Please provide your summary of the paper
This study was a randomized controlled clinical trial that included two intervention groups: exercise therapy (ET) and mixed-modal treatment (MMT). ET has the highest level of evidence for the treatment of groin pain from previous studies. Athletes in the ET group received training on a home exercise program (HEP) which they performed three times a week for two weeks. At two weeks they returned to physical therapy to receive a progression of their HEP, and at six weeks they received a return to running program. Athletes in the MMT group received heat therapy, followed by Van Den Akker manual therapy, and stretching for two weeks. If no pain was experienced after the two weeks, these athletes then progressed to the return to running program. Both groups were assessed by a blinded physician at baseline and at 6 and 16 weeks following treatment. Time to return to sport, objective outcome rating, pain score using visual analog scale (VAS), and hip range of motion were assessed and used to determine outcomes of both intervention groups. The study found that athletes in the MMT group demonstrated quicker return to sport on average (12.8 weeks) when compared to athletes receiving ET (17.3 weeks). There was no statistically significant difference in objective treatment outcome ratings between the athletes who received MMT and the athletes who received ET. Additionally, both groups had significant improvements in pain score at 16 weeks from baseline yet there was no significant difference in pain score between groups. Finally, there was no significant difference in hip range of motion when compared to baseline following both treatments or between groups.

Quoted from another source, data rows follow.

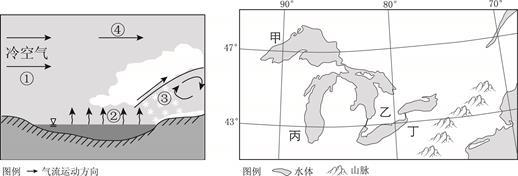 河北省徐水县第一中学2015届高三高考模拟（一）文综地理【解析】 河北省唐县第一中学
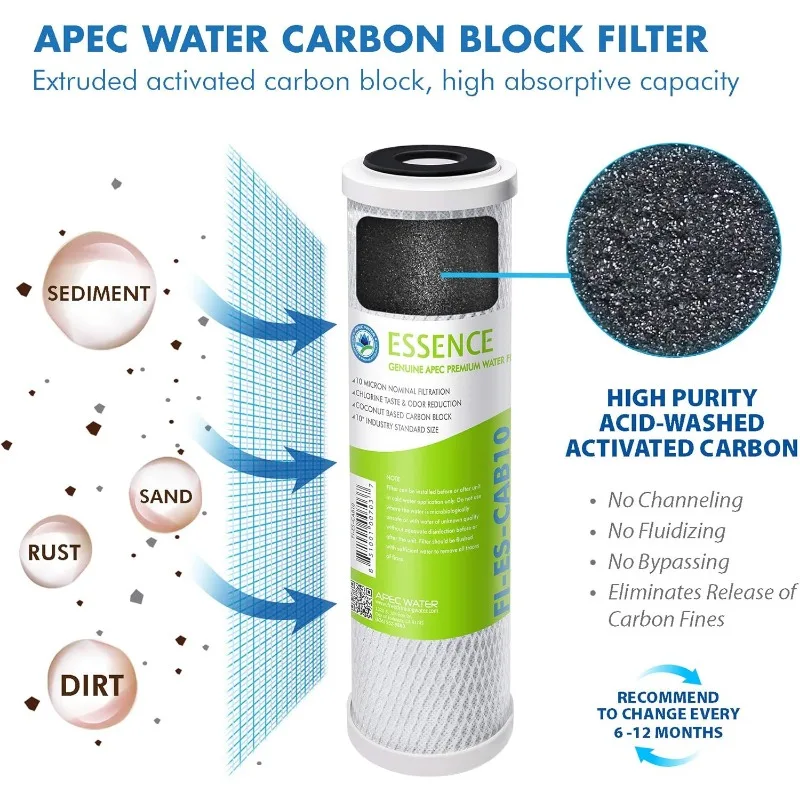 ESSENCE Series 50 GPD Complete Replacement Filters For Undersink System(FILTER-MAX-ES50)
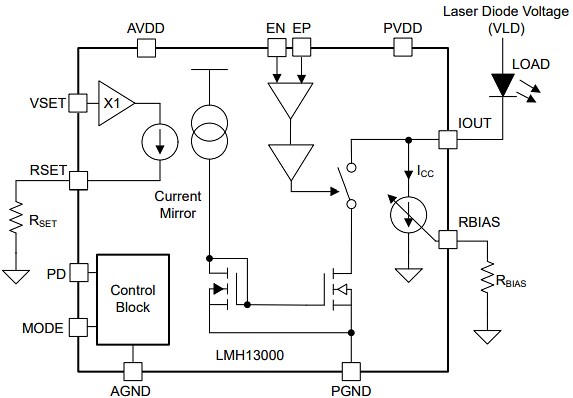 Block Diagram - Texas Instruments LMH13000RQEEVM Evaluation Module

Please provide your clinical interpretation of this paper. Include how this study may impact clinical practice and how the results can be implemented.

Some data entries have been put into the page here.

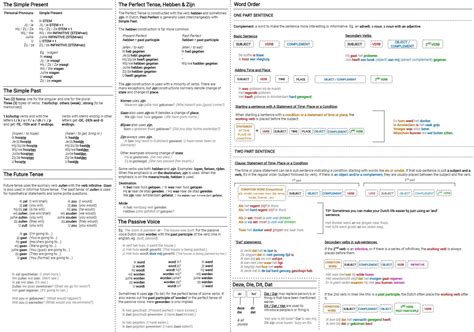 Accounting Cheat Sheet Printable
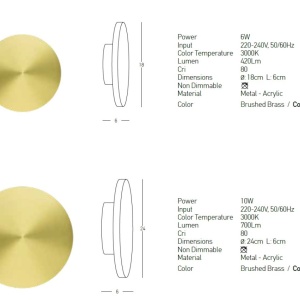 Aplica LED ambientala design decorativ modern Sheri D-18cm 153961 universul-luminii.ro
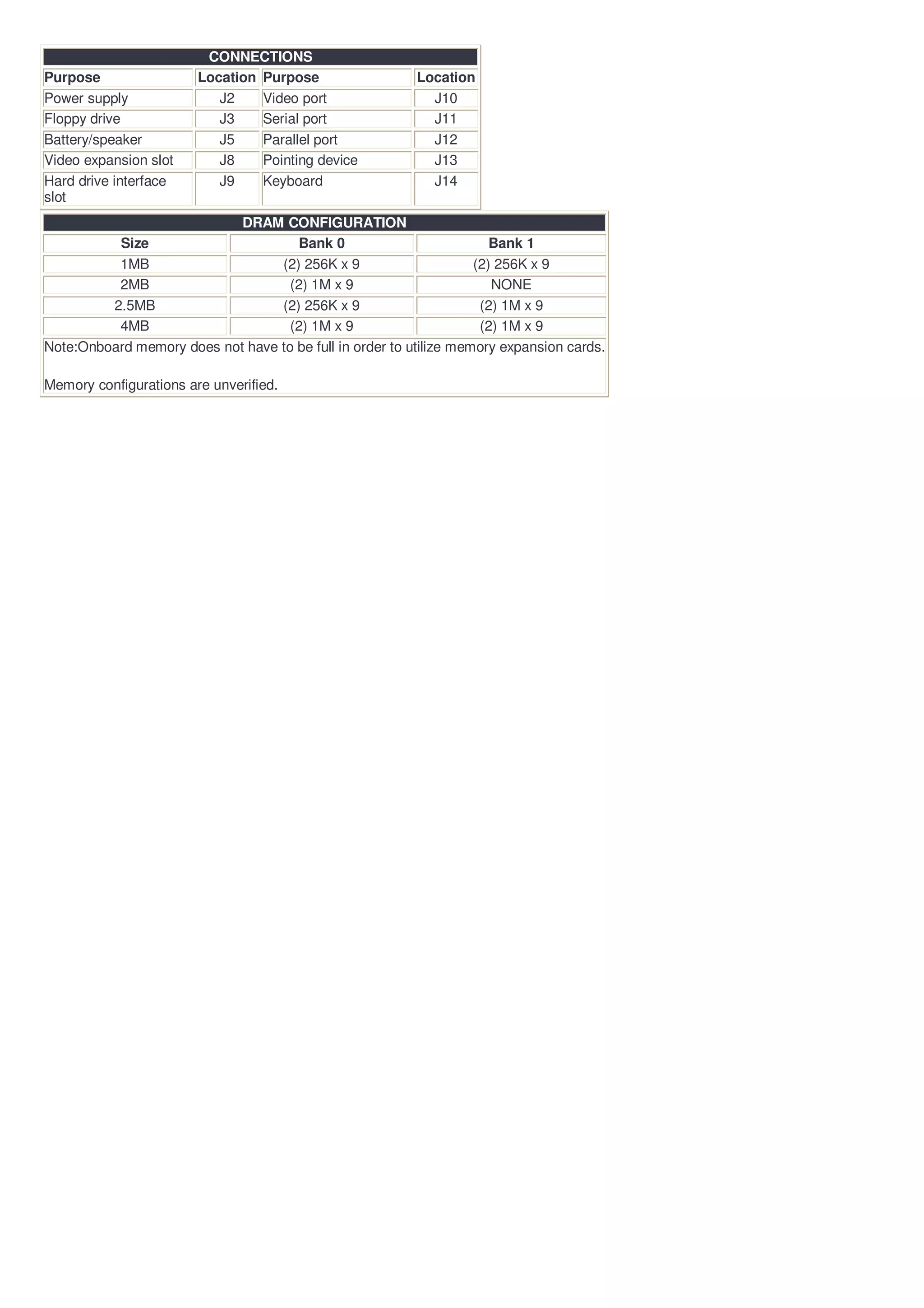 CONNECTIONS
Purpose                 Location Purpose                  Location
Power supply               J2    Video port                 J10
Floppy drive               J3    Serial port                J11
Battery/speaker            J5    Parallel port              J12
Video expansion slot       J8    Pointing device            J13
Hard drive interface       J9    Keyboard                   J14
slot
                            DRAM CONFIGURATION
          Size                       Bank 0                            Bank 1
          1MB                     (2) 256K x 9                      (2) 256K x 9
          2MB                       (2) 1M x 9                         NONE
         2.5MB                    (2) 256K x 9                       (2) 1M x 9
          4MB                       (2) 1M x 9                       (2) 1M x 9
Note:Onboard memory does not have to be full in order to utilize memory expansion cards.

Memory configurations are unverified.
 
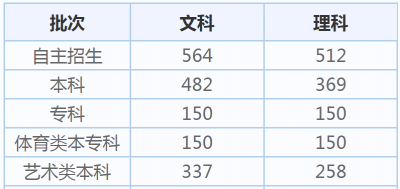 贵州药材APP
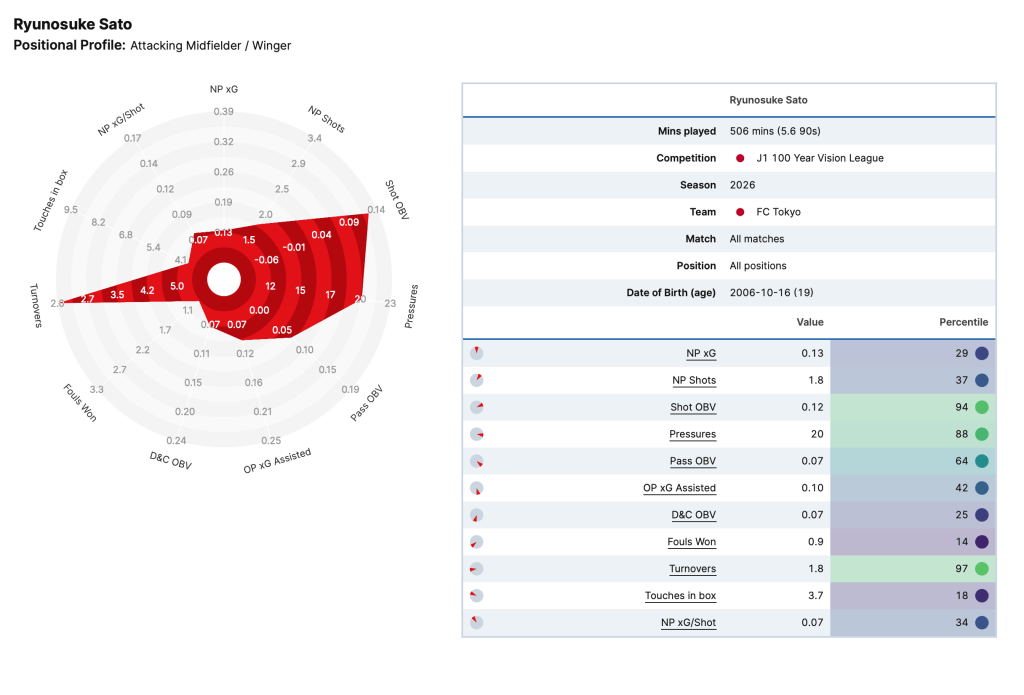 Ryunosuke Sato (FC Tokyo) – Scout Report – Target Scouting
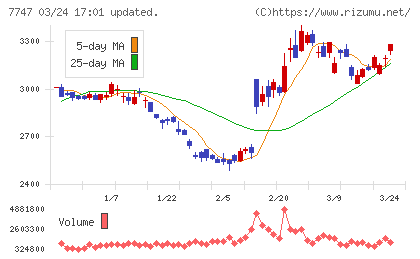 朝日インテックチャート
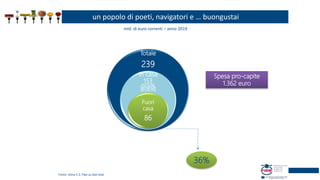 mld. di euro correnti – anno 2019
Fonte: stima C.S. Fipe su dati Istat
un popolo di poeti, navigatori e … buongustai
36%
Spesa pro-capite
1.362 euro
Totale
239
In casa
153escluse
bevande
alcoliche
Fuori
casa
86
 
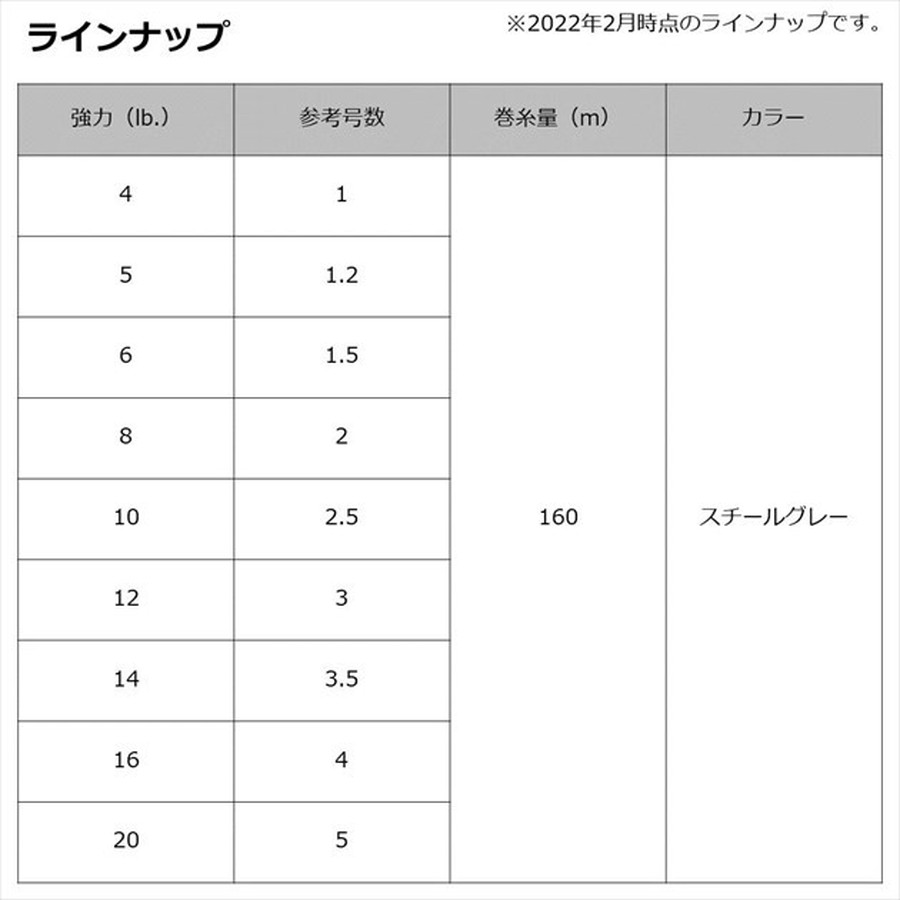 ダイワ ライン スティーズ デュラブラマックス 4LB -160m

Adductor-related groin pain is a common complaint in athletes involving cutting, sprinting, and twisting motions such as soccer, football, and rugby to name a few. While many athletes recover quickly, chronic incidences of groin pain can cause significant delays in return to sport. This study aimed to determine the efficacy of both ET and MMT for the treatment of adductor-related groin pain in athletes. The results of this study show that both ET and MMT are effective treatments for groin pain in this population. Both groups showed significant reductions in pain score as well as overall return to sport and therefore, can be employed as treatments in this population. MMT did show quicker return to sport on average when compared to ET and therefore, could be used as the preferred treatment if time to return to sport is a major factor in the athlete’s treatment plan. However, athletes in the MMT group began the return to running program quicker than the ET group, which may account for the finding of earlier return to sport. Standardization of the transition to the return to running program between ET and MMT may provide more insight that will assist in better comparing return to sport in both groups. Further research should be done to include a control group as well as a group that receives both ET and MMT to determine the best course of treatment for these athletes.